Rather than bulldoze the cross, the city decided—with the support of 76 percent of voters in a ballot referendum—to sell the land under the cross in order to remove any unconstitutional “taint.” After some legal skirmishing, the city held a sealed-bid auction to sell a half-acre parcel surrounding the base of the cross. The successful bidder wouldn’t be required to retain the cross, though the property would have to be used as a war memorial, and the buyer would be responsible for all future maintenance costs. The Mt. Soledad Memorial Association won with the highest bid of $106,000. This should have put an end to the dispute, as the privately erected cross was now standing on private property. The association expanded the memorial, adding features honoring individual veterans, such as bollards, engraved paving stones, and more than 3,000 commemorative plaques.

Remarkably, Paulson and the ACLU challenged the auction’s legitimacy. The same district judge who ruled in his favor in 1991 rejected the complaint, but Paulson appealed. In 2001, a three-judge panel of the Ninth Circuit unanimously affirmed the district court ruling. But Paulson still wasn’t finished. He sought an en banc hearing, an extraordinary procedure for correcting internal conflicts among panels. His persistence paid off. In 2002, the Ninth Circuit invalidated the auction by a 7-4 vote based on an argument Paulson didn’t even make: that it was “rigged” in favor of preserving the cross because—incredibly—any bidders wishing to remove the cross “would be saddled with the costs,” placing them at a financial disadvantage vis-à-vis bidders who intended to preserve the cross. Because the ruling once again rested on an interpretation of California’s constitution, the city couldn’t appeal the Ninth Circuit’s absurd decision.

As the city’s legal options narrowed, the cross dispute began to attract national attention. President George W. Bush in 2004 signed legislation designating the cross as a national veteran’s memorial if the city donated it, which more than three-quarters of voters approved. In the meantime, the city faced ongoing lawsuits along with the prospect of $5,000-a-day fines if officials did not bulldoze the cross. In 2006, the city obtained a stay of the removal order from U.S. Supreme Court Justice Anthony Kennedy. When a state court judge invalidated the transfer to federal ownership, Congress voted overwhelmingly to seize the cross by eminent domain, and the federal government took possession in August 2006.
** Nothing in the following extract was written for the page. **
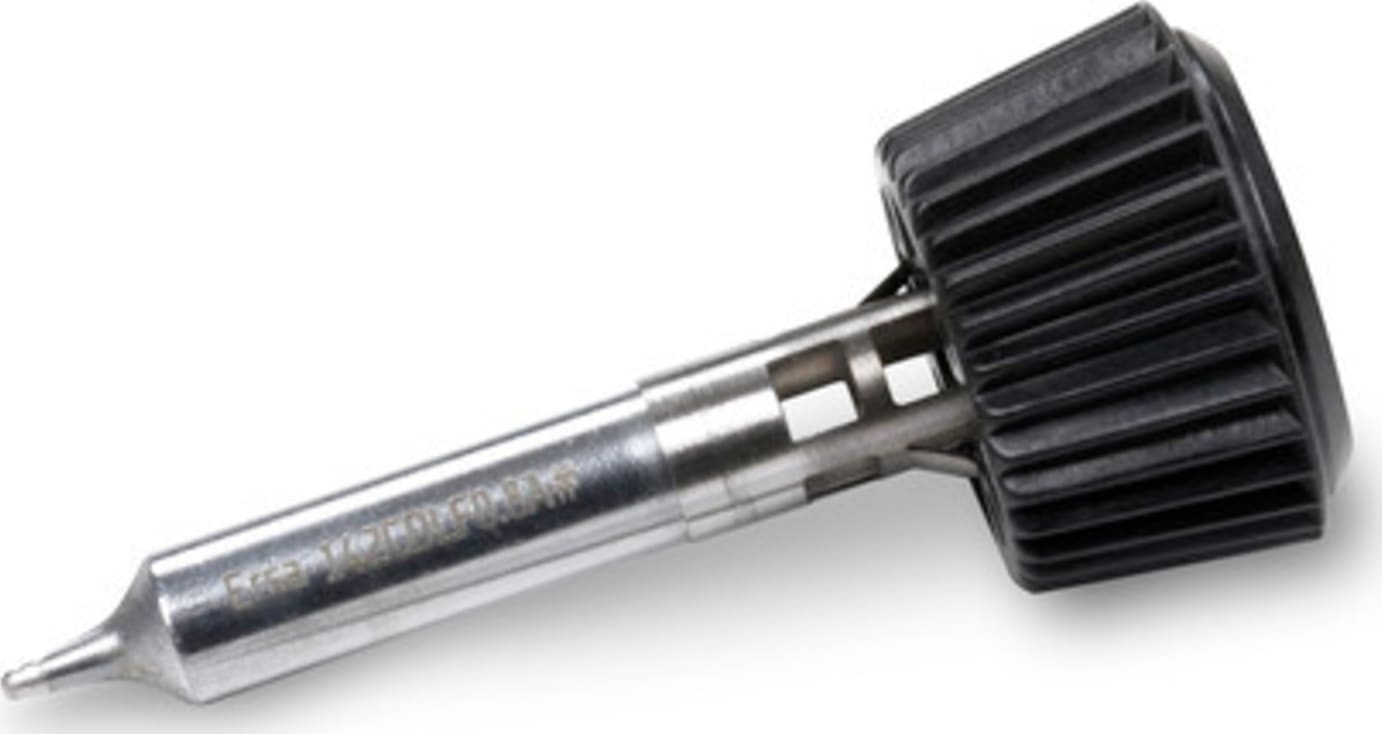 Ersa 0142CDLF08A/SB - Chisel-Shaped, Asymmetric, 0.8 mm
Yet, litigation continued. After Paulson died, the ACLU found another atheist, Steve Trunk, to take his place. The ACLU challenged federal ownership of the cross as a violation of the U.S. Constitution, but in 2008 the district judge found that the federal government had a secular purpose for acquiring the memorial. The Ninth Circuit reversed the district court in 2011, ruling instead that even though Congress had a secular purpose for acquiring the memorial (including the cross), the primary effect was to endorse religious belief. The Supreme Court last June declined to review the case until the Ninth Circuit appeals are exhausted. Meantime, Congress—evidently not hopeful for a changed outcome from the Ninth Circuit—recently approved the transfer of ownership of the cross to the Mt. Soledad Memorial Association, repeating the strategy the city attempted without success in 1998. Even Democratic California senator Dianne Feinstein supported the bill, which President Obama signed into law this month.

The ACLU’s tactics, “secular in purpose,” resemble nothing so much as those of a religious fanatic. Its opposition to the cross is implacable. Commenting on the federal government’s transfer of ownership, ACLU lawyer James McElroy said simply: “We’ve been here before.” The Ninth Circuit’s resolve to bulldoze the cross is stymied—at least temporarily—by popular resistance to its destruction. Another quarter century of taxpayer-funded litigation may result.